When I first got into bodybuilding I had this incredible preoccupation with being shredded beyond belief. I can remember my brother Gabriel Wilson and I headed to the gym to do up to 4 hours of cardio on some days! Was this efficacious? Is this unheard of? Was it crazy?! Not for people with extreme personalities like mine. If I want to excel in science I study 12 to 14 hours a day. If I wanted to be shredded I’d train 3 times a day. It’s just how I am. While being hardcore and dedicated certainly has merit there certainly is something to be said for working smarter and harder. With that said Id like to take a step in the right direction with this article and tell you what science says about cardio and fat loss. What we are specifically referring to is traditional cardio here. By that, I mean low to moderate intensity cardio that lasts at least 20 minutes or more in duration. Similar to many of my articles, I am going to do this in a questions and answer format.
Do I need Cardio to Lose Fat?
Surprisingly, you do not need cardio to lose fat. Although, as I will discuss, it may not only be more efficient, but more effective to add cardio to your program if your goal is getting shredded. A study by Dr.
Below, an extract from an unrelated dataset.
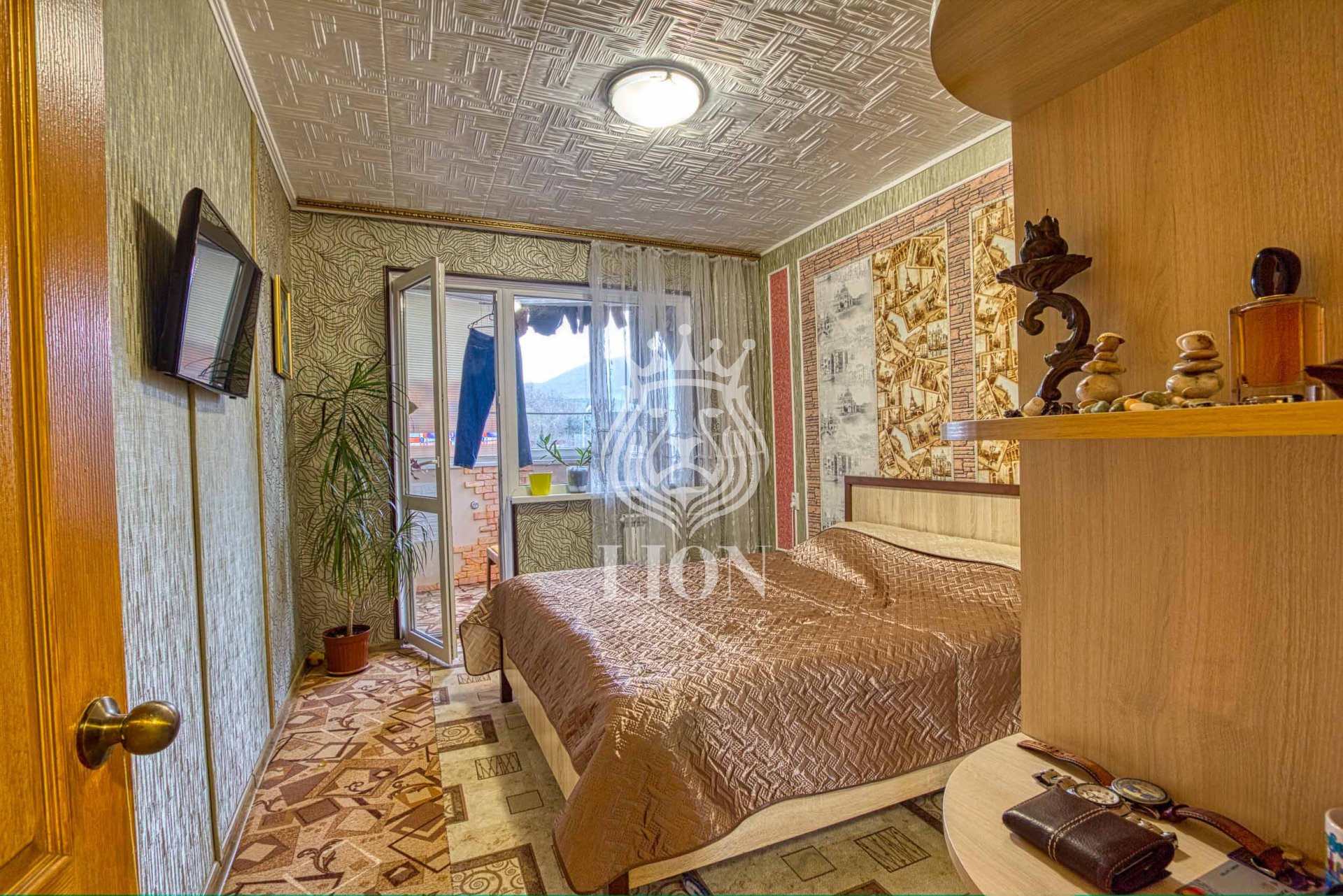 3-к квартира 80 м² 7/9 эт., Октябрьская — фото 2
Ross and colleagues found that diet alone could increase fat loss. However, diet plus cardio led to more fat loss than diet alone (Ross et al., 2004). Additional research shows that fat loss in the stomach is actually far greater when you do cardio plus diet over diet by itself (You et al., 2006). It seems that the sympathetic nervous system which releases fat burning hormones like adrenaline and noradrenaline has a large presence in the abdominal region compared to the lower body region. If you want more information on fat loss targets, check this article on fat burners, which can mimic the effects of fat loss through supplements.
What are the Long Term Benefits of Cardio?
As you adapt to doing cardio over several weeks and months your ability to use fat improves both during and after exercise (Thompson et al., 2012). In addition, your relative intensity is much lower at a given speed (Thompson et al., 2012). This means that cycling at 12 miles an hour may be very hard when you are out of shape, but very easy when you are in shape. As such you can withstand greater speeds and burn more calories when trained than untrained. These are a few of the adaptations that you make when you perform low-intensity cardio. You will also improve insulin sensitivity, resting metabolic rate, and improve your cardiovascular health.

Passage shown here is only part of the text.